Memory cafe a safe place for socialization

When Diane Cagan thinks back to her first time at a “memory cafe,” it’s all smiles.

It was “just perfect,” she says. “It was better than I ever expected.”

The Penn Memory Center began hosting memory cafes in December. They are exclusively for people like Cagan’s husband, Paul, who have Alzheimer’s disease or other memory problems, and their caregivers. It’s a safe space without judgment or fear, created to boost comfortable interaction with others in similar situations.

“My husband is in his fourth year of the disease, and he’s gotten very quiet,” Cagan says. “It gets to a point where he’s afraid to talk because he’ll say the wrong words.”

On Friday, Dec. 4, the pair headed to Christ Church for the very first Penn memory cafe. About 13 other Penn Memory Center patients did the same. Cagan was interested in how her husband would handle the new situation.

“I left his side to talk with some others, and when I came back he was surrounded by three other people, just chatting and enjoying himself,” Cagan says.

Seen often in parts of Europe, a memory cafe is a new concept to the Philadelphia area.
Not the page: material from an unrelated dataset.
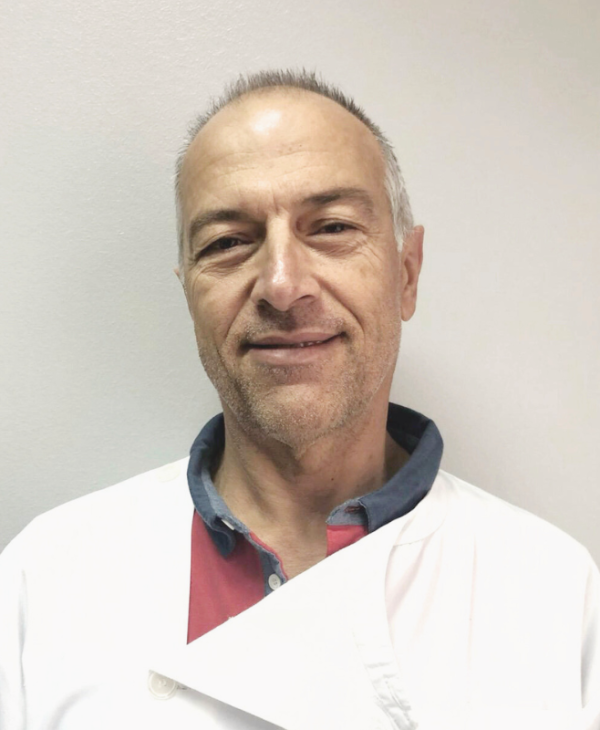 Dr. Rafael Ferreira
There’s no agenda to the hour-and-a-half-long afternoon experience—it’s supposed to be just like any other cafe.

Genevieve Ilg, a Penn master’s in social work student, presented the idea of starting a local memory cafe last summer to Felicia Greenfield, her internship supervisor at the Penn Memory Center.

“I wanted to create a space for people with memory problems where they won’t experience stigma or any other sort of misunderstandings,” Ilg says. “I wanted it to make them feel themselves without any sort of compromise.”

Greenfield, the Penn Memory Center’s director of clinical research operations and care programs, gave Ilg the green light, and the two have been coordinating cafes since.

“It’s difficult sometimes to bring people with Alzheimer’s disease into public because they might be disoriented or they might be inappropriate, and sometimes the caregiver feels embarrassed or it’s hard to manage it,” Greenfield says. “As a result, families who are dealing with Alzheimer’s disease tend to withdraw socially and become more isolated.”

That’s a problem, Greenfield explains, because social engagement is “one of the key aspects of healthy aging.” People with memory problems need to be social now more than ever.

“The memory cafe allows the patients to get out and engage in a non-restrictive environment, and they get to be with their caregiver,” she says. “The same goes for the caregivers who feel like they need to be with the patient. We don’t want the caregivers to leave, but they don’t necessarily have to sit next to who they came with.”

There is a pop-up memory cafe slated for every month through April at Christ Church Neighborhood House, 20 N. American St. Times vary. Greenfield and Ilg have secured a partnership with Kitchen Gia, which donates coffee and pastries. Right now, the memory cafes are being advertised strictly to Penn patients—mostly who live at home with their caregivers.

“We’re starting small and seeing what evolves,” Greenfield says. “If there were a way, we’d love to bring it into the suburbs, and extend it to people outside of the Penn network.”

Either way, you can expect to see Diane and Paul Cagan there.

“Unless something really important interferes, we’ll be at all of the memory cafes,” Diane Cagan says. “I’m really happy Penn Memory Center started this. I am genuinely thrilled.”